17 人生が終わった人もいた様です
今日は土曜日、由美とミクそして遥がメイド喫茶でアルバイト。
久々に現れた由美の姿に、客のほぼ全員がメール発信したおかげでメイド喫茶『子猫のしっぽ』がテナントとして入っているビルの周りには入店を待つ人たちでトグロを巻いている。中には休日出勤らしいサラリーマン数人も見える。

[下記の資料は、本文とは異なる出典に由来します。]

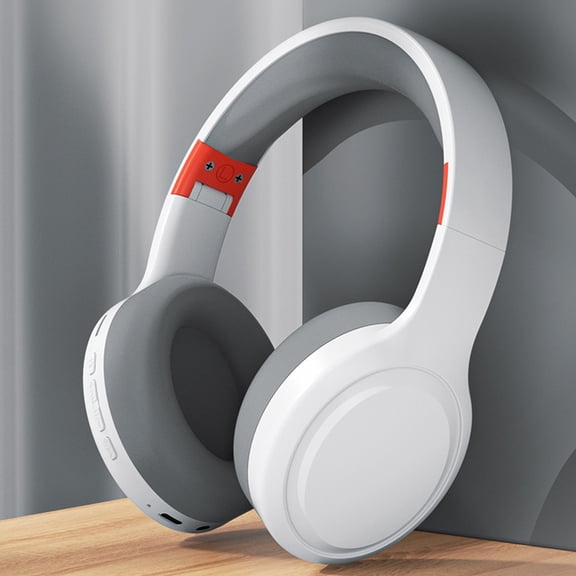 Hybrid Active Noise Cancelling Headphones, Bluetooth 5.4 Headphones Wireless Over Ear with Mic for Clear Calls, Hi-Res Audio, 90H Playtime, Transparency, Deep Bass, Dongle Connect, Custom App,Gray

「あのーもしかしてコーデルコンピューターテクノロジー社の方ですか、僕、東京〇〇通信大学の吉田と言います」
サラリーマン集団の後ろから青年が話しかける。
「うん、そうだけど何で分かったの」
「レナさんの話をしてたんで」
「ああ、よく知ってるね」
「コンピューター関連の世界じゃ有名ですから」
「あ、ああ。そうなんだ」
「僕、コーデル社長の秘書姿のレナさんの姿はネットで見たんですけど、メイド姿のレナさんの姿は見た事なくて。それでそのー皆さんご存知なのかなーと、ちょっと気になりまして」
情報関連企業の中でも世界最大の企業コーデルインターナショナルテクノロジーズの創業者であり、社長のマクシミリアン・コーデル秘書兼日本語通訳兼企画営業本部長のレナはここ日本、コーデルコンピューターテクノロジー社に週一回必ず訪れている事はコンピューター関連、また漫画関連に精通している者にとっては常識である。
「それ知ってるんだ君」
「話だけですけど」
レナが日本に来るときはマクシミリアン・コーデル付きのメイドとして来ていると本人が言い張り、泊まっている皇居近くにある日本でも最高級のホテルから護衛を数人連れて馬鹿でかいリムジンに乗り秋葉原にある社屋にやって来る、当然の様にメイド姿で。
「話すのは良いけど、絶対に写真とか撮っちゃダメだよ。人生終わるから」
「知ってますよ。それよか今日はレナさん来てるんじゃないんですか、何でここにいるんです」
コーデルコンピューターテクノロジー社の男性社員は休日出勤ばかりしている札付きの社畜だと業界や公官庁から問題視されていたが、社員自らレナが訪れる土曜日に勝手に会社に来て仕事をしているのが習慣になってしまい、とうとう本社の指導が入り火曜から日曜出勤に最近なった。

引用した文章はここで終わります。